A dad came in this week to talk about his struggling 8 year old, Anna, who just started third grade.  Anna has reading fluency issues, with particular difficulty managing words that are “low frequency.”  Even in this early part of the school year Anna is welling up with tears feeling that she is dumb.  She is starting to break down each night during homework.

A recent worksheet gives us a glimpse into why Anna feels the way she does:

                Find each missing number.  Solve for n.  Identify the property.

1.      6 + 5 = n, 5 + 6 = n

a. n = 11, Commutative Property of Addition

b. n = 11, Associative Property of Addition

c. n =   2,  Commutative Property of Addition

d. n = 24, Associative Property of Addition

2.       4 +  (3 +3)  = n, (4 + 3) + 3 = n

a. n  = 10, Commutative Property of Addition

b. n  = 10, Associative Property of Addition

c. n  =   6,  Associative Property of Addition

d. n  =   7  Commutative Property of Addition


On and on it went –  a  drab, dry slab of problems (about 20 of them), that looked more like a typical 11th grader’s algebra.

This is a far cry from problems such as, “There were twelve ducks on the pond and five flew away.  How many were left?” which is about where I thought beginning struggling third graders were in their development.

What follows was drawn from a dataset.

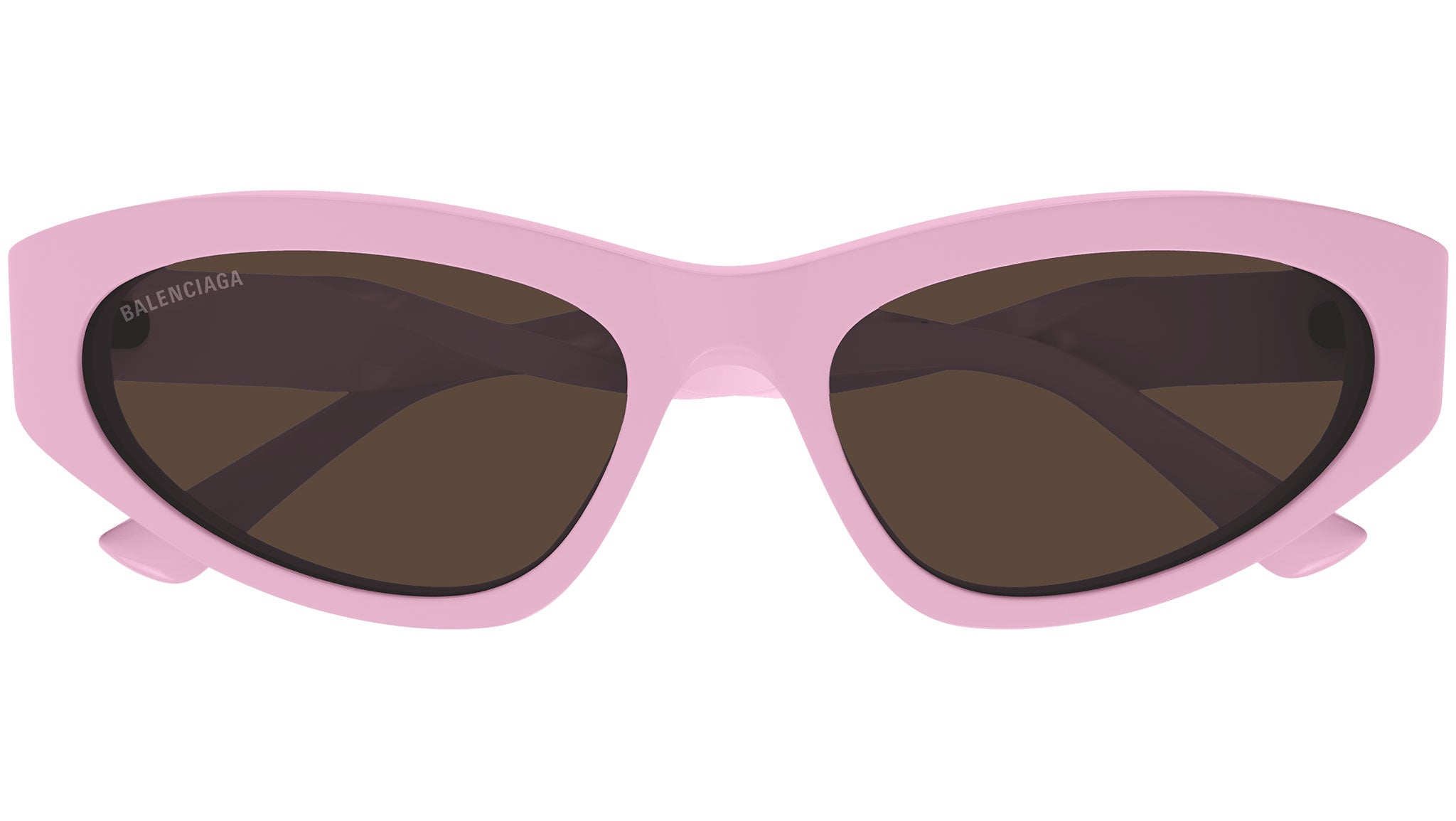 Balenciaga BB0207S 004 Shiny Pink Sunglasses - eye-oo.com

Beside the fact that Anna had no ability to read the text above, she had little to no understanding of what the problems meant (neither did I, by the way).  There was a big “-12” at the top of Anna’s page.  That was it.  There was no other feedback – no supportive comments, such as “Let’s go over this together.”  Just a “-12.”

Man, it can be tough out there in child land.

That’s the “commutative property” of childhood.